Task details: Filter the listing below, copying every line in which the word "Girls" appears.
[[ Material supplied open ]]
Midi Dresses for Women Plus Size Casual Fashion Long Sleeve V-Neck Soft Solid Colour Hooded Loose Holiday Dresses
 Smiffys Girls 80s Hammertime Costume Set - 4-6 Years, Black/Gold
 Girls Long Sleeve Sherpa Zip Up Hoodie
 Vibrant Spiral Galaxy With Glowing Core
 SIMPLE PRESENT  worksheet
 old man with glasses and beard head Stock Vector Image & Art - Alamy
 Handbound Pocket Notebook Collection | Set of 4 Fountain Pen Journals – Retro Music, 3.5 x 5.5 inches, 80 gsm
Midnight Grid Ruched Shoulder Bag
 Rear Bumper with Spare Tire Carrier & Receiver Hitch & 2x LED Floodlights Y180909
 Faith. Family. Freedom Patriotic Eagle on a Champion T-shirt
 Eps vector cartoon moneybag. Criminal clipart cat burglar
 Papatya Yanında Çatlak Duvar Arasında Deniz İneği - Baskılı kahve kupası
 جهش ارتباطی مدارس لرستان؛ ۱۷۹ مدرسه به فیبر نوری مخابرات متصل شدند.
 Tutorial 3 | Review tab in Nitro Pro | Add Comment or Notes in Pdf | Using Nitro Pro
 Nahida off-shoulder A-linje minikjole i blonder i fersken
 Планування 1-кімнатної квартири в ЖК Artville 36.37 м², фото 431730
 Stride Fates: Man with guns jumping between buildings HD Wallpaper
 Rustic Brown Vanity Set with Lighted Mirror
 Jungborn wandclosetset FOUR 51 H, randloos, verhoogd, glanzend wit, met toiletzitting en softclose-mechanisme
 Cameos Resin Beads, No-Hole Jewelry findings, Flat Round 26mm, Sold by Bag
[[ Material supplied closed ]]
Reply to the task:
 Smiffys Girls 80s Hammertime Costume Set - 4-6 Years, Black/Gold
 Girls Long Sleeve Sherpa Zip Up Hoodie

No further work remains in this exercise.